_Records provided:_

-*-

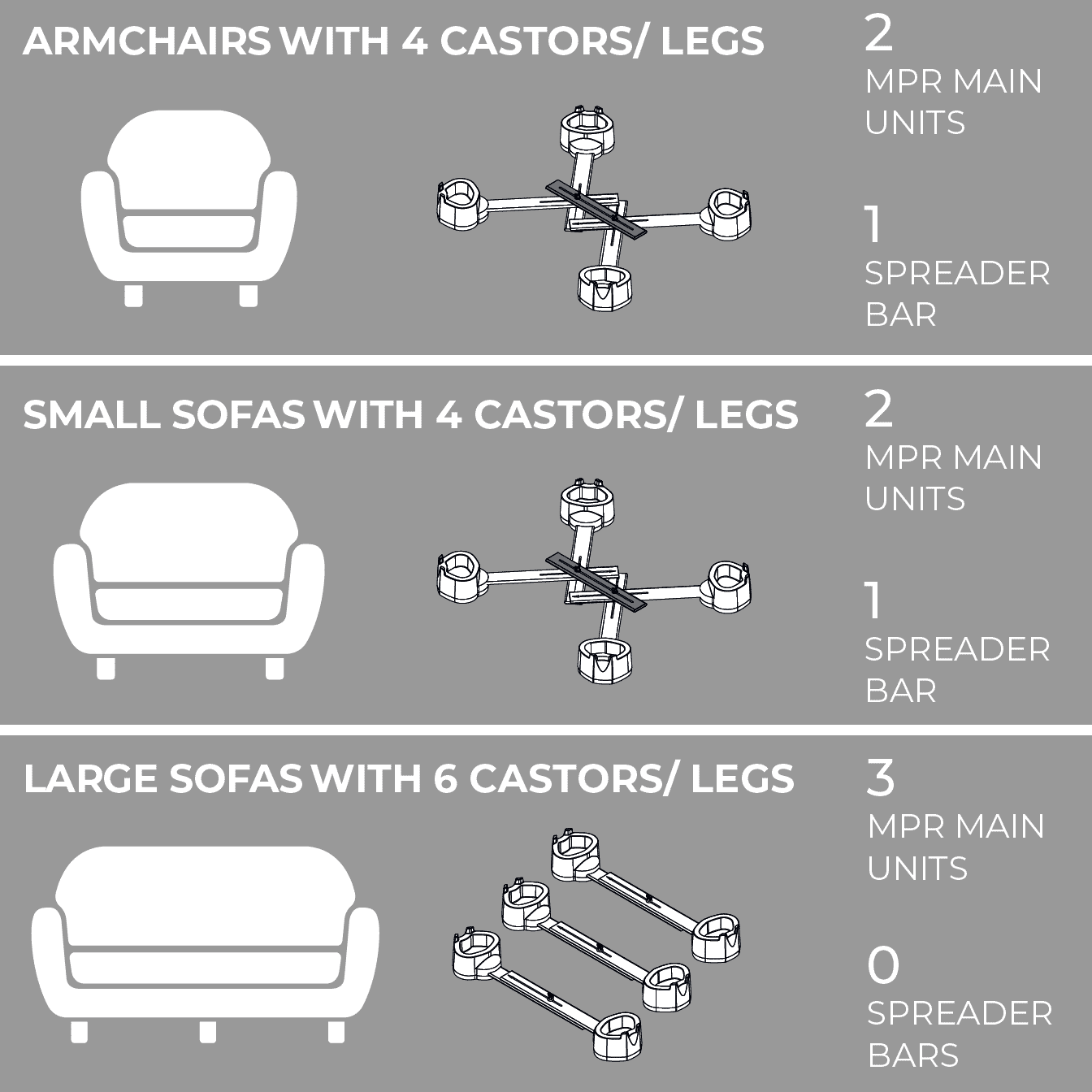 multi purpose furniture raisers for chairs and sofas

-*-

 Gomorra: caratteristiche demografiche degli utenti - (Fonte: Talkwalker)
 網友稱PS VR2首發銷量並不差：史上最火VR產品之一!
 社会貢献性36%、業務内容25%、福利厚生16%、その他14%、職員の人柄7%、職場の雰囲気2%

-*-

_Directions:_
From the data above, return every line from the line that has "Gomorra: caratteristiche demografiche" up to and including the line that has "社会貢献性36%、業務内容2", exactly.

_Output of the task:_
 Gomorra: caratteristiche demografiche degli utenti - (Fonte: Talkwalker)
 網友稱PS VR2首發銷量並不差：史上最火VR產品之一!
 社会貢献性36%、業務内容25%、福利厚生16%、その他14%、職員の人柄7%、職場の雰囲気2%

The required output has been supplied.